/search-and-sort-application

Sort and search various sizes of datasets using the most efficient methods

Primary LanguageC#

Algorithms and Complexity - Search and Sort Application (CMP1124M_Assessment_02)

Overview

An application which meets and provides the following functionality to the user:

  1. Select which individual Array is to be analysed.
  2. Sort in ascending and descending order and display the every 10th value of the selected Array.
  3. Search the selected Array for a user-defined value, if the value exists, then provide its location (if it appears more than once then provide ALL the locations) otherwise provide an error message.
  4. If the value does not exist then provide the value(s) and location(s) of its nearest value.
  5. Repeat Tasks 2 to 4 and display the corresponding values for all the selected arrays, for the 2048 length array display the 50th value and for the 4096 array display the 80th value.
  6. Merge the Low_256.txt and High_256.txt files. Then repeat Tasks 2 to 4 and display the corresponding values.
  7. Repeat task 6 using the files with length 2048 and 4096. In addition, implement and use the Binary Search Tree algorithm, for both searching and sorting.

Dataset Information

The dataset files correspond to real temperature data taken from a weather station.

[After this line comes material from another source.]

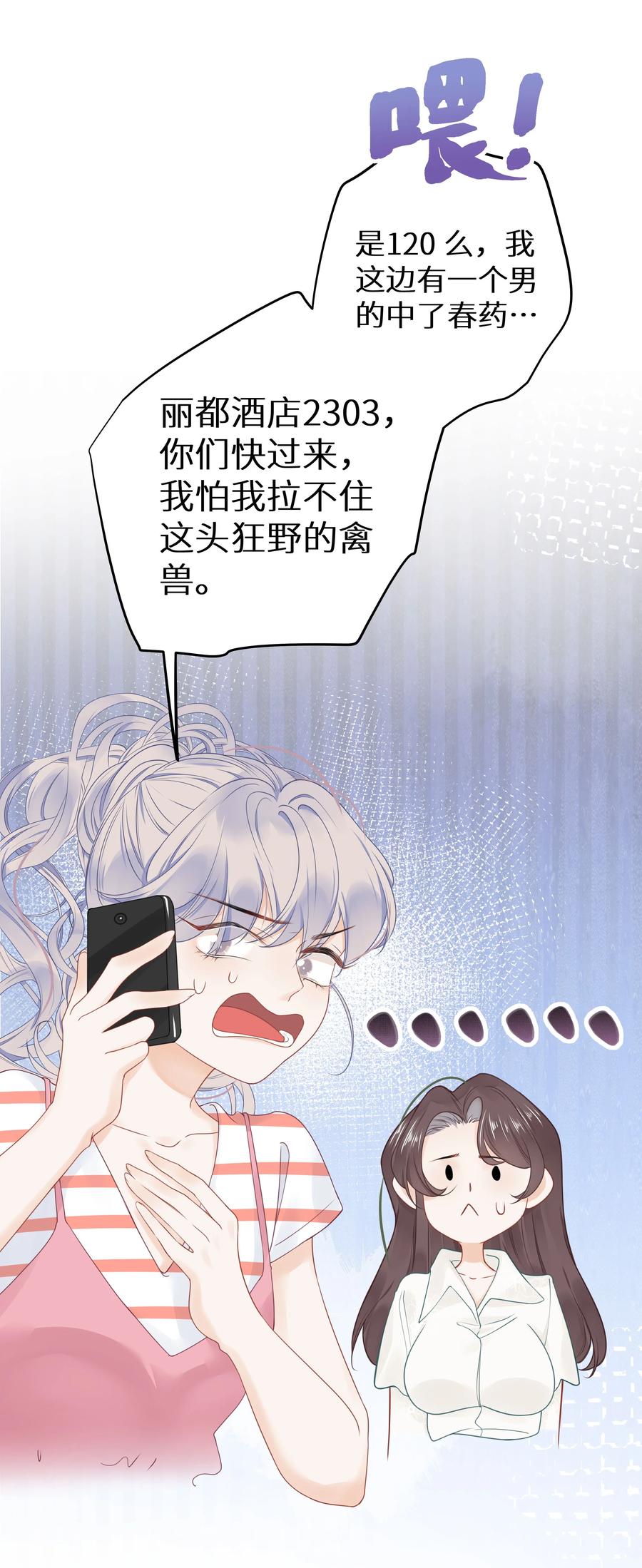 谢邀，人在虐文当后妈 012 被车撞了？！+福利活动 第32页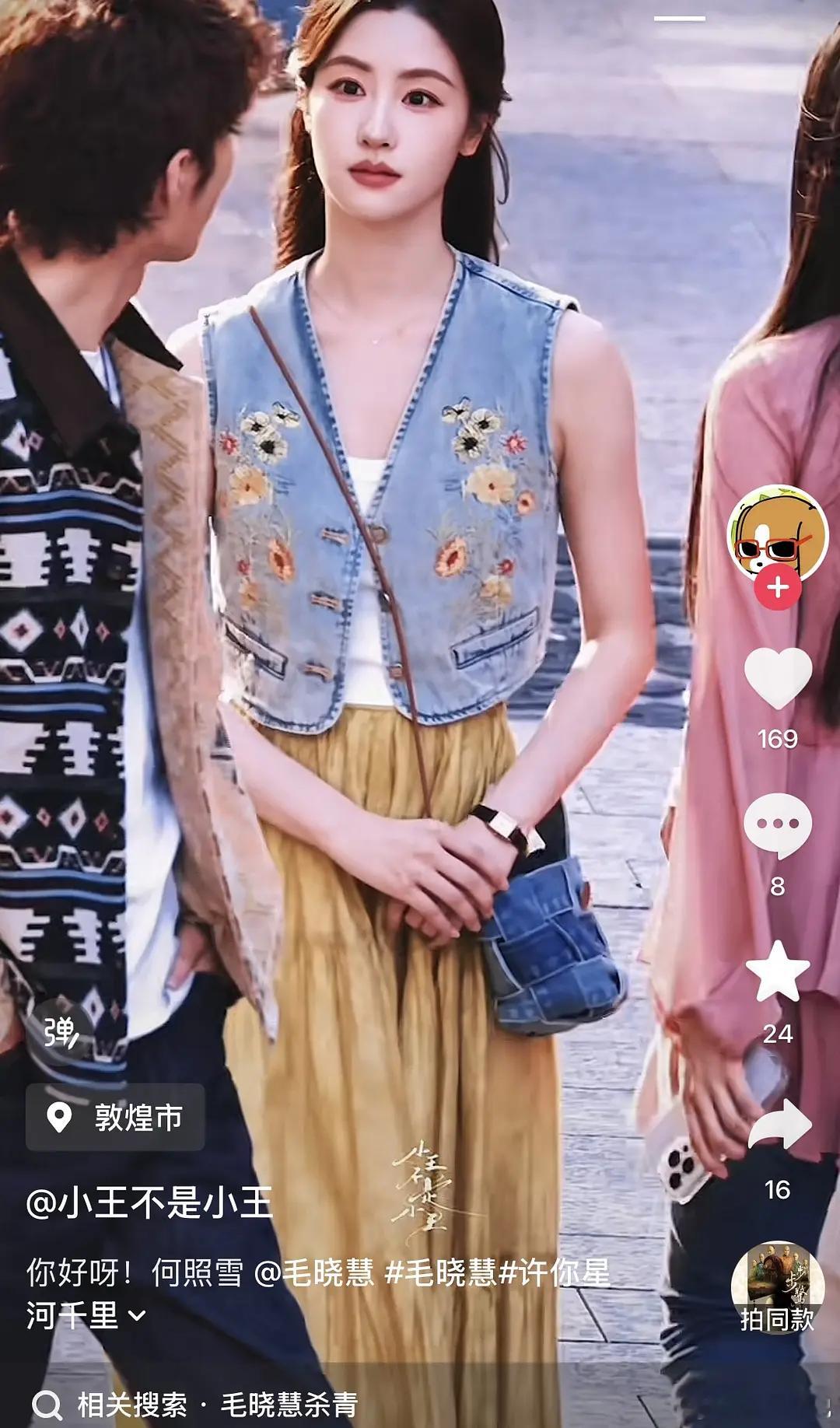这和陈都灵长得好像啊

The Low_.txt, High_.txt, and Mean_*.txt respectively correspond to the Low, High, and Mean temperatures as recorded over time. The 256, 2048 and 4096 numbers correspond to the number of temperature data stored in the files.

Summary of Implementation

Each of the data sets in loaded directly into a string using File.ReadAllLines. Then are then converted to Arrays, using .ToArray. Once correctly formatted each individual element are added to a heap. Then a for loop is used to remove the largest value and replacing it with the rightmost value. This is repeated until the array is in the required order and can be checked by having no elements being moved around. This was a HeapSort and is used to order the values in ascending order.

However, to sort them in descending order an InsertionSort is used. The array is initialized and a nested for loop moves the current element and inserts it into the correct position and repeats the loop until completion. Then the same process as before is performed and the values are displayed. For task 3, the application asks the user for an input. When a valid input is entered a binary search is run. Binary search compares the users input value to the middle element of the array, in the unlikely event that they are equal that value is printed, however if not the half that the value cannot be contained in is removed from the search pool and now is halved once again. This is repeated in for and if nested loops until the user’s value is found. If not found an error message is displayed. However, if the value is not in the data set the error message is presented and the neared value to the one entered is found. This number is then displayed to the user and the index value associated with it.

To input files of different lengths, new sorting methods and searching methods were created that matched the elements in those data sets. These were then called when the user requested those sets to be analysed and repeat the same steps as the previous tasks but with larger data sets.

Algorithmic Choices

The application uses a HeapSort algorithm. This sorting method was used to sort the arrays in ascending order as it has a running time of O(n log n). HeapSort combines the better attributes of InsertionSort and MergeSort. (Cormen, H.T et al., 2009) It has one of the better worse-case runtimes of O(n log n).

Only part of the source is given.